Up to 350 people gathered in Cathedral Square for the service of deconsecration, the culmination of several months of safety assessments after a 6.3-magnitude earthquake in February reduced the cathedral's spire to rubble and a June 13 jolt caused further damage.

The deconsecration service, led by Diocese of ChristChurch Bishop Victoria Matthews, was attended primarily by members of the cathedral congregation, but a scattering of civic representatives included earthquake minister Gerry Brownlee.

Facing the broken entrance – albeit at a safe distance – the congregation gave thanks for the extraordinary life and ministry of the place since the original consecration by Bishop Henry Harper in November 1881.

"We did not treat this space as we would ordinary space, but as we would treat the very presence of God," they intoned in the litany. "Today we return this space to the common, and return this place to the earth."

In his mihi of welcome, Cathedral Dean Peter Beck noted that "this is a sad day, and yet another step in the recovery and rebuilding of our city."

He paid tribute to the many "living stones" which had held the spirit of Christchurch for so many years, and concluded with a prayer from former U.N. Secretary General Dag Hammarskjold: "For all that has been, thanks. For all that will be, yes!"
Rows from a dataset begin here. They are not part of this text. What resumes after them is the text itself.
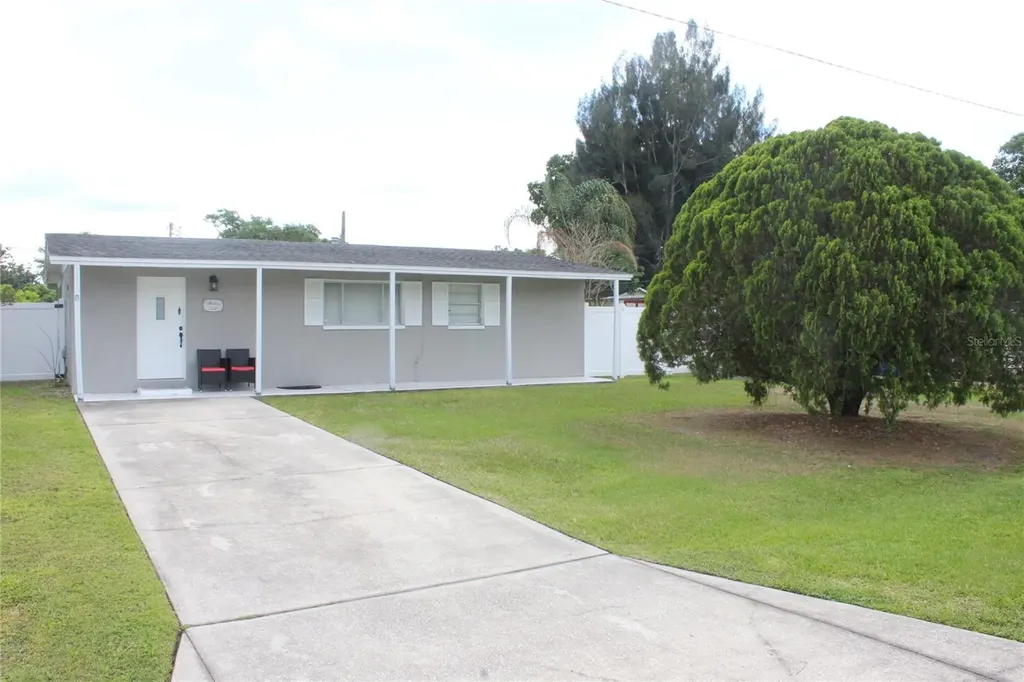 307 California Avenue St Cloud FL 34769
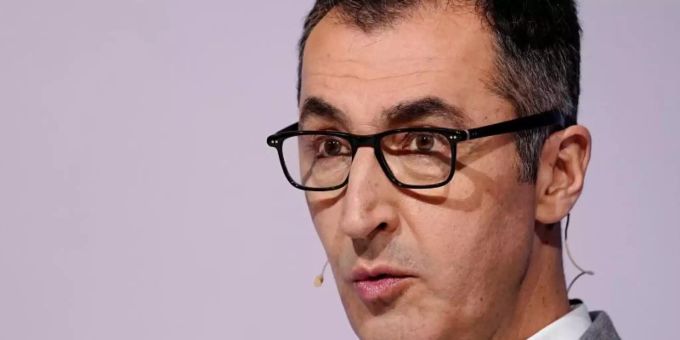 Landwirtschaftsminister Cem Özdemir will gesunde Ernährung in Deutschland fördern. Foto: Kay Nietfeld/dpa Landwirtschaftsminister Cem Özdemir will gesunde Ernährung in Deutschland fördern. Foto: Kay Nietfeld/dpa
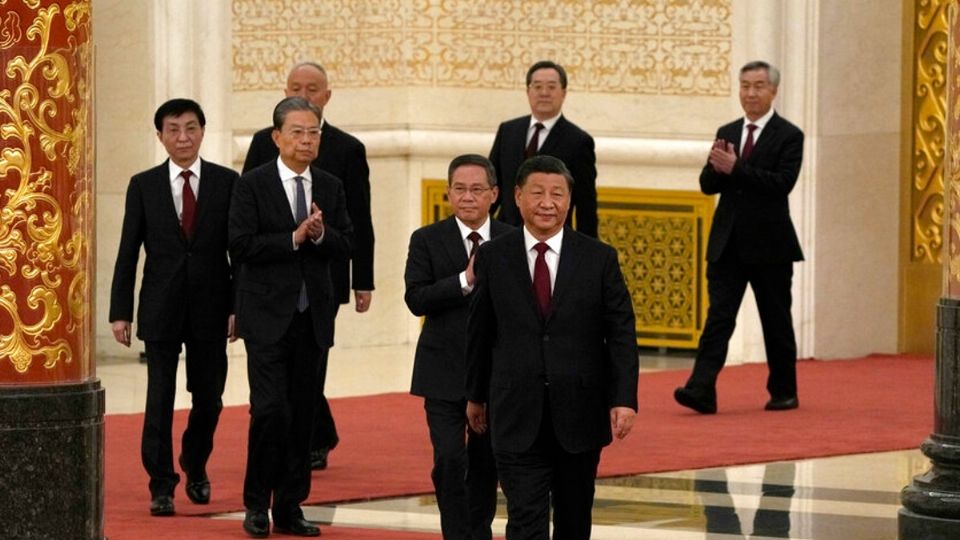 El Presidente de China también presentó ayer a la nueva cúpula, en la que sus fieles copan todo el poder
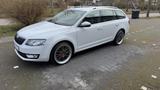 Skoda Octavia 1.4 TSI DSG Style Combi Style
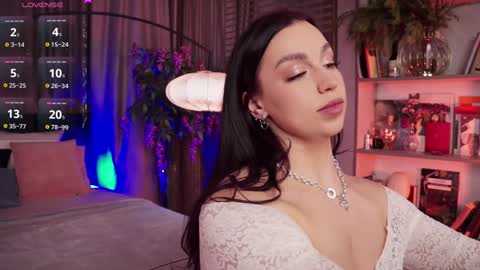 Snapshot of lunanight_ chatting on January 11, 8:43 pm Luna next streams Mon Tue Fri Sat Sun 8pm-5am gmt0 online show from January 11, 8:43 pm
In her homily, Matthews acknowledged the prevailing sorrow but focused on the hope of resurrection.

"In homelessness, God's love is still with us," she said. "This is not a time to lose hope. We need to move on, knowing that what God has in store for us is more magnificent … We are a work in progress…

"Even as we deconsecrate, as we shed our tears, let us be full of hope because we go forward in the mission of Christ. It is the mission that matters … Let us be a pilgrim people – people of the resurrection."

Moving to the formal deconsecration, Matthews said: "I do remit this building, and all objects remaining in it, for any lawful and reputable use, according to the laws of this land.

"This building, having now been deconsecrated and secularized, I declare to be no longer subject to my canonical jurisdiction."

The next step in the cathedral saga is to make safe what remains of the building and to assess what may give rise to a new centerpiece.

Meanwhile, the search continues for land on which to erect a transitional cathedral.

I love the call to be a pilgrim people by the Bishop of Christchurch. I know that this may seem like yet one more blow after the loss of life and the destruction of the center of the city. If you recall, it had been originally feared that there may have been as many as 20 people in the spire, which collapsed, but luckily no one was found in the rubble.

I continue to keep the people of Christchurch in my prayers. Having lived through the Good Friday tornado here, I know that it takes many months to restore what is destroyed in natural disasters, if indeed recovery can ever be complete.

May God bless those who were affected by this disaster.